- [YOUR GOAL]: Please restate word for word only the lines that start at the one containing "Noblesse Chap 529 - Next Chap 530" and continue to the final line of the material.
[INFORMATION GIVEN Boundary: Start]
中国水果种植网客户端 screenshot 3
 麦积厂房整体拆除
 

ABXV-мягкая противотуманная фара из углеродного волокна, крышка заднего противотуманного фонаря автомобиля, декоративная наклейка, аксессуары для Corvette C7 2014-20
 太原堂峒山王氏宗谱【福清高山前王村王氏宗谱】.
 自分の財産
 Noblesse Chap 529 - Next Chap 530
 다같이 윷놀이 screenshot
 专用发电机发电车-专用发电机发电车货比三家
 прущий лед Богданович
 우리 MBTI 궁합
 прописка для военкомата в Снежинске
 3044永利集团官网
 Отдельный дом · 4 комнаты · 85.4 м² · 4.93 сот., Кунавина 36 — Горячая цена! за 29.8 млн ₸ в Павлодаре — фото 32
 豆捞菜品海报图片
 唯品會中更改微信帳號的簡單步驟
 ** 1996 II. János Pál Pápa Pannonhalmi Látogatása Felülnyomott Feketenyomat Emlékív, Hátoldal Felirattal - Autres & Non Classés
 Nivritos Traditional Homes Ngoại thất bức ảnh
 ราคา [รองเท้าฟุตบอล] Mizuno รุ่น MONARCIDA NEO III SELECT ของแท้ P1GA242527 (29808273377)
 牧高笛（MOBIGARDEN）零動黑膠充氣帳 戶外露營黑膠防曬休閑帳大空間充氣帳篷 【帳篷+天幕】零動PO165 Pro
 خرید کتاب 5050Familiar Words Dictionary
[INFORMATION GIVEN Boundary: End]
- [ANSWER FOR THIS EXERCISE]:
 Noblesse Chap 529 - Next Chap 530
 다같이 윷놀이 screenshot
 专用发电机发电车-专用发电机发电车货比三家
 прущий лед Богданович
 우리 MBTI 궁합
 прописка для военкомата в Снежинске
 3044永利集团官网
 Отдельный дом · 4 комнаты · 85.4 м² · 4.93 сот., Кунавина 36 — Горячая цена! за 29.8 млн ₸ в Павлодаре — фото 32
 豆捞菜品海报图片
 唯品會中更改微信帳號的簡單步驟
 ** 1996 II. János Pál Pápa Pannonhalmi Látogatása Felülnyomott Feketenyomat Emlékív, Hátoldal Felirattal - Autres & Non Classés
 Nivritos Traditional Homes Ngoại thất bức ảnh
 ราคา [รองเท้าฟุตบอล] Mizuno รุ่น MONARCIDA NEO III SELECT ของแท้ P1GA242527 (29808273377)
 牧高笛（MOBIGARDEN）零動黑膠充氣帳 戶外露營黑膠防曬休閑帳大空間充氣帳篷 【帳篷+天幕】零動PO165 Pro
 خرید کتاب 5050Familiar Words Dictionary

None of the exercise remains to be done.